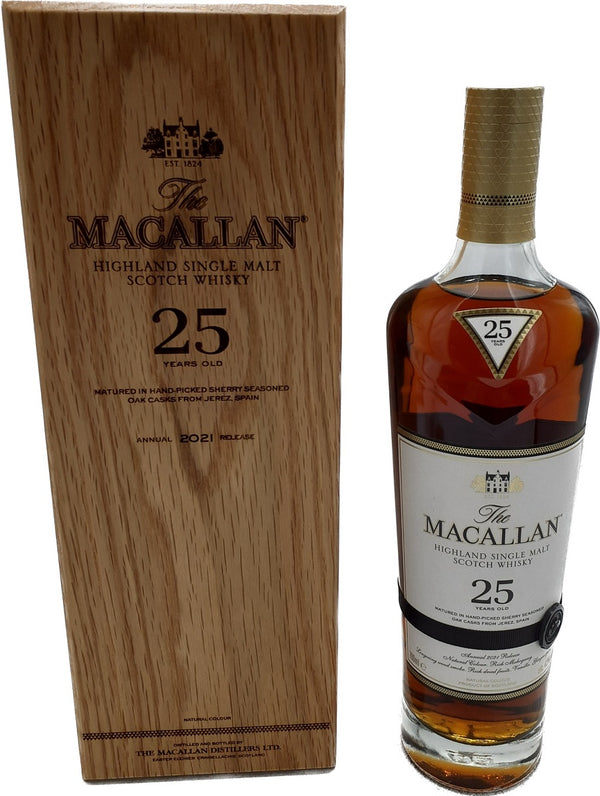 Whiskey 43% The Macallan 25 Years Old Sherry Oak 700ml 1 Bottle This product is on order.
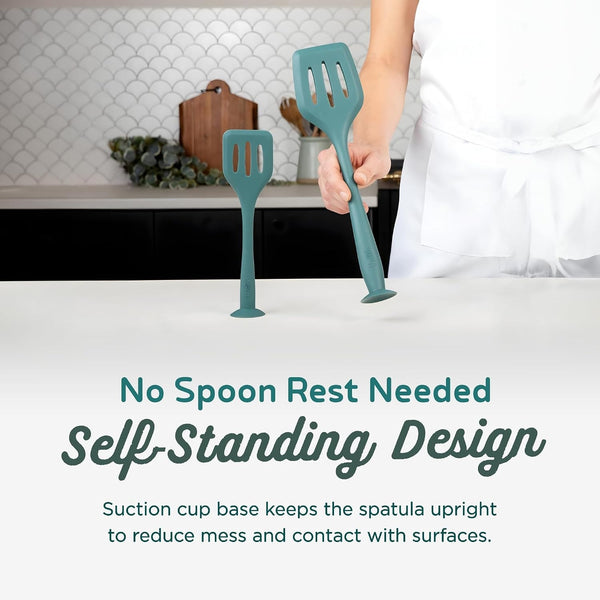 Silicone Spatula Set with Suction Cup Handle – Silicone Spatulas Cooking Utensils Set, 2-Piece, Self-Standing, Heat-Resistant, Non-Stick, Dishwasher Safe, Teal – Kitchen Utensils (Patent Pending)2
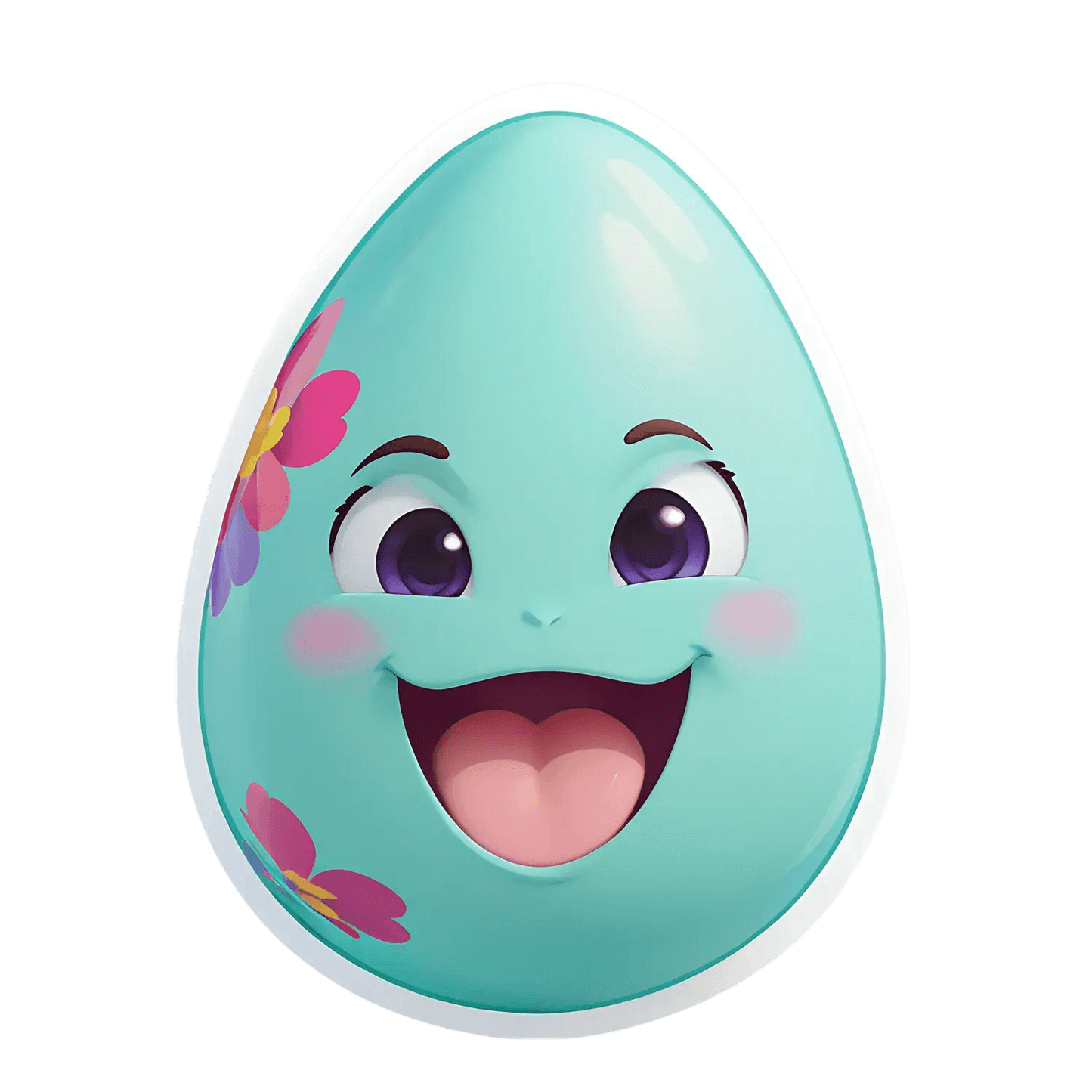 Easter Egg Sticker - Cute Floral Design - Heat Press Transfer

◇ ◇ ◇ ◇ ◇

=== Work request ===
Write the material out again word for word and omit any images.

=== Written answer ===
 Whiskey 43% The Macallan 25 Years Old Sherry Oak 700ml 1 Bottle This product is on order.
 Silicone Spatula Set with Suction Cup Handle – Silicone Spatulas Cooking Utensils Set, 2-Piece, Self-Standing, Heat-Resistant, Non-Stick, Dishwasher Safe, Teal – Kitchen Utensils (Patent Pending)2
 Easter Egg Sticker - Cute Floral Design - Heat Press Transfer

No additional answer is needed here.